History Project Sheds Light on New York Blackout

Posted: September 8, 2003 at 1:00 am, Last Updated: November 30, -0001 at 12:00 am

By Tara Laskowski

When the lights went out a few weeks ago, the Center for History and New Media (CHNM) at George Mason was ready. Within an hour of the blackout that affected parts of Canada and the U.S. Northeast and Midwest, the center had set up a new survey to record personal accounts of the power failure on its Blackout History Project web site. Since then, the site has been recording people’s stories and reactions to the biggest power failure in years, thus ensuring that the information is preserved.

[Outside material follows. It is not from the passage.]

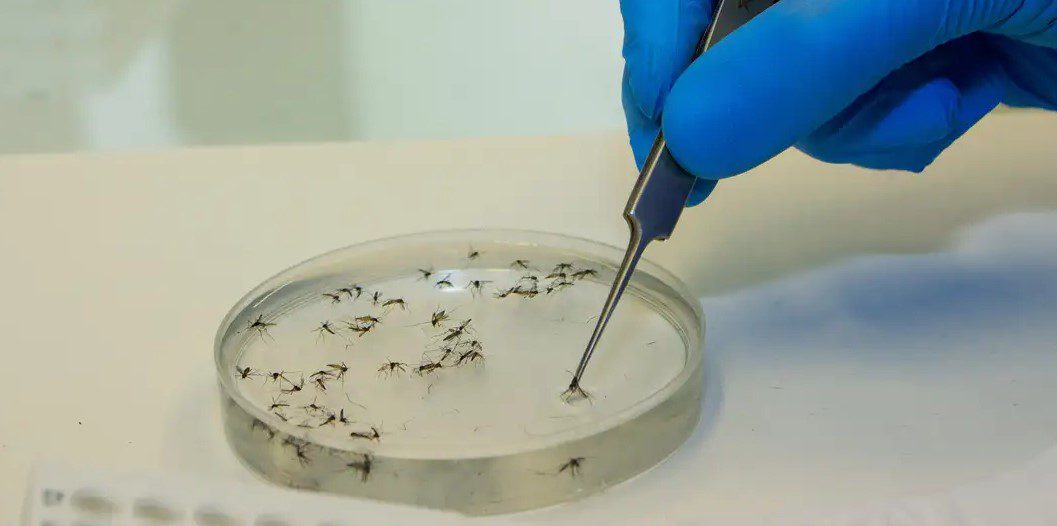 Febre Oropouche tem mais de 5 mil casos confirmados no Brasil; Saúde alerta população febre oropouche, doença, brasil, infectologista, paraíba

“Our primary goal right now is to collect information for future historians,” says Tom Scheinfeldt, who manages the Blackout History Project with Dan Cohen, visiting assistant professor of history and art history. “In this age, the new role for historians is to react to news and try to save as much of it as we can while it is happening.”

The Blackout History Project began in 1998 with the help of a grant from the Sloan Foundation. The project, headed by Jim Sparrow, visiting instructor of history and art history, was designed to collect oral histories of two major power failures that struck New York City and its surrounding areas: the Great Northeast Blackout of 1965 and the New York Blackout of 1977. A few hundred accounts were collected, along with an extensive timeline, academic essays, and interviews of workers and professionals involved with the power failure.

With the most recent blackout, the center’s Blackout History Project has been recharged. Contributors from around the world have already recorded more than 150 personal accounts and thoughts about the blackouts, and the site is still accepting contributions. Media outlets such as National Public Radio, Fox News, ABC News, USA Today, and the BBC have carried stories on the project, giving the web site even more national attention. The archive will eventually be placed in the Special Collections and Archives of the George Mason University Libraries.

“The project is very exciting for historians because we are collecting data as the events are happening,” says Scheinfeldt. “Future historians will be able to read personal accounts from people who told their stories within minutes or days of the event, which creates a more accurate archive and preserves the stories for future generations.”

CHNM’s other projects have also garnered national and international attention. In 2000, another grant from the Sloan Foundation allowed the managers of the Blackout History Project to expand their work to include the Exploring and Collecting History Online (ECHO) project. Through this project, CHNM managers developed low-cost and easy-to-operate software tools that allow them to quickly develop surveys that collect oral histories and digital items. These efforts allowed the historians to create the September 11 Digital Archive, which was recently acquired by the Library of Congress for its special collections. Through ECHO, CHNM professors also created a web site on the day of the Columbia Space Shuttle tragedy, collecting and preserving personal accounts from people all over the country.